Pictures stay out of the copy. Retype exactly, and only, the lines from the one containing "يستحق الحرية المتوازنة" through the end of the listing below.

--- Source data ---
-=-=-=-=-

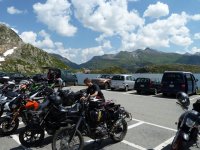 3 Grimsel.jpg
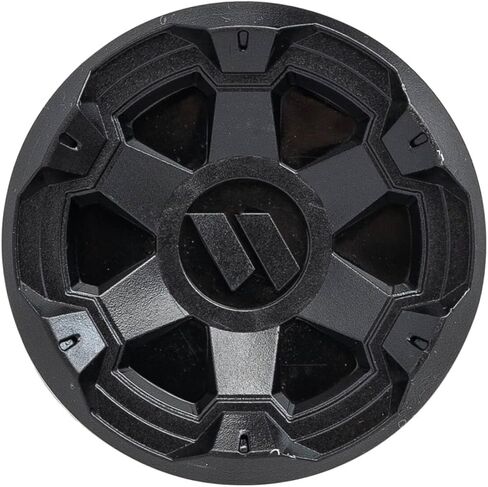 يستحق الحرية المتوازنة الولايات المتحدة الأمريكية WSA3FRB Slowpitch Softball Bat in Kuwait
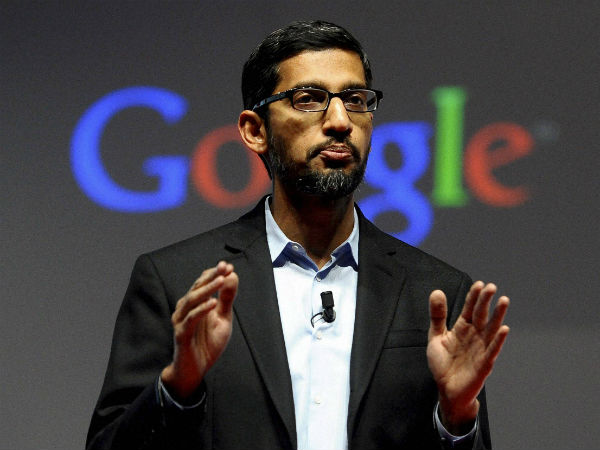 புது ஃப்ரிட்ஜ் 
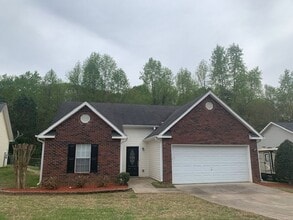 Building Photo - 2034 Elm Grove Ln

-=-=-=-=-

--- Task solution ---
 يستحق الحرية المتوازنة الولايات المتحدة الأمريكية WSA3FRB Slowpitch Softball Bat in Kuwait
 புது ஃப்ரிட்ஜ் 
 Building Photo - 2034 Elm Grove Ln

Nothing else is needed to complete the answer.